Saturday, 12 August 2017

Bibbulmun Track (WA) - Harvey-Quindanning Rd to Yourdamung


The first day of an overnight hike on the Bibbulmun Track, Harvey-Quindanning Rd to Yourdamung passes through a section of forest burnt by the Lower Hotham Fires of 2015. Highlighted by the Worsley Alumina Conveyor Belt, the rebuilt Possum Springs campsite, virgin Jarrah forest and the Harris River crossing, the section is unfortunately let down by the severe fire damage in recent years.

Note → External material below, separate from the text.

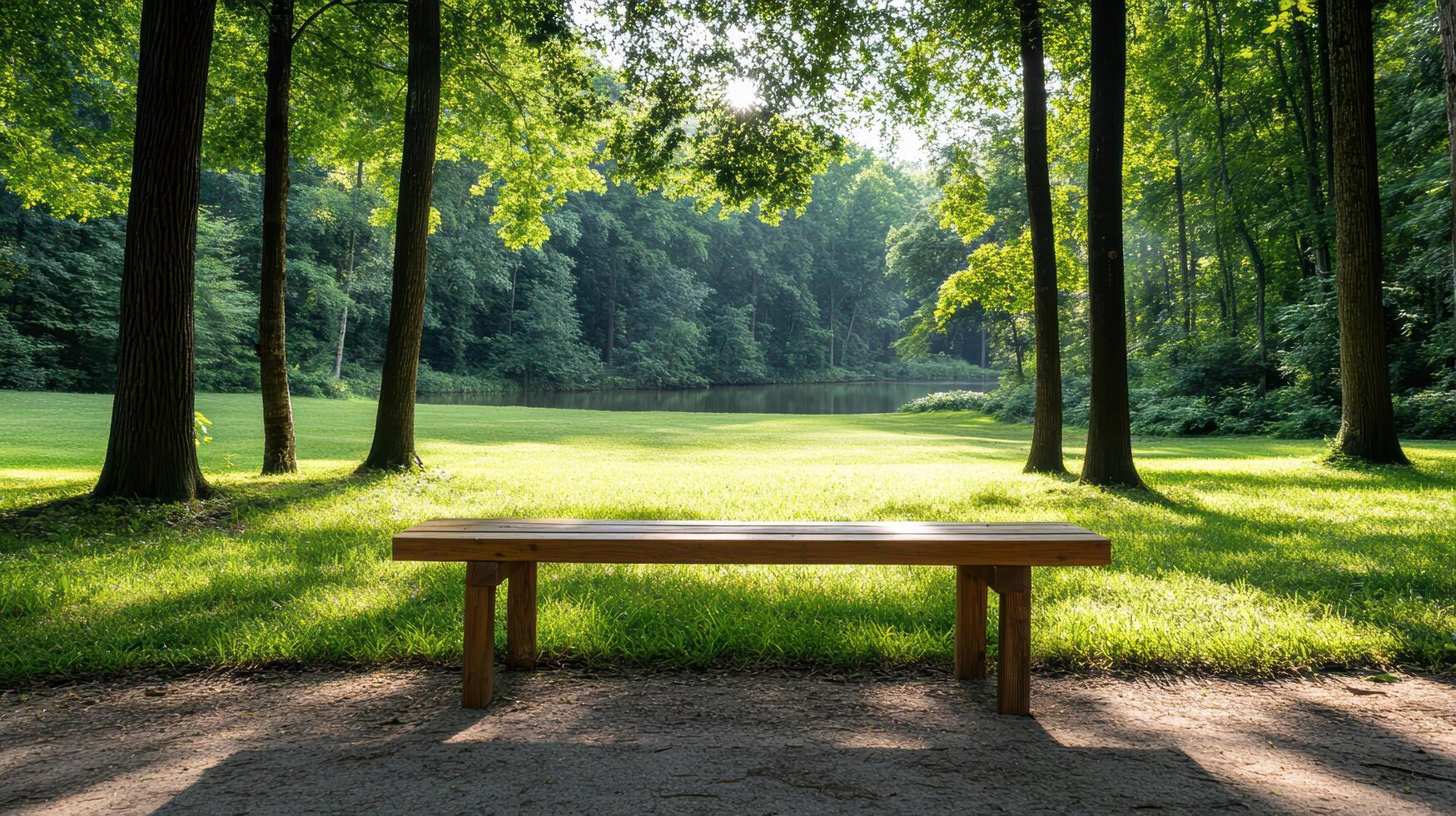 A wooden bench sitting in the middle of a grassy field photo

Distance: 26.8 km (one way)
Gradient: A few moderate ascent and descents, but mostly on gentle terrain
Quality of Path: Largely clear and well maintained
Quality of Signage: Largely well signed, with the Waugal providing very clear directional information. 
Experience Required: Previous Bushwalking Experience Recommended
Time: 7 Hours, including snack break
Steps: Some minor steps 
Best Time to Visit: Late Autumn-Early Spring
Entry Fee: No
Getting There: Harvey-Quindanning Rd can also be reached from Pinjarra-Williams Rd. From Dwellingup, head east along Pinjarra-Williams Rd to Lower Hotham Rd. Continue to Lower Hotham Rd, then turn right at the end of the road onto Harvey-Quindanning Rd. No direct access to Yourdamung campsite



Having a week off from the Bibbulmun Track tackling some local day walks in the Perth area (the Palm Terrace Walk and Mt Cooke), Alissa and I returned to Harvey-Quindanning Rd to complete an overnight hike to Harris Dam. Having recently completed Yarragil Form to Harvey-Quindanning Rd as two separate day walks, this overnight hike was a crucial piece of the Bibbulmun Track puzzle left for us to do as it would mean we'd finally walked every section of the track from Kalamunda to Collie, with Collie to Balingup being our last missing link in our sectional End to End. 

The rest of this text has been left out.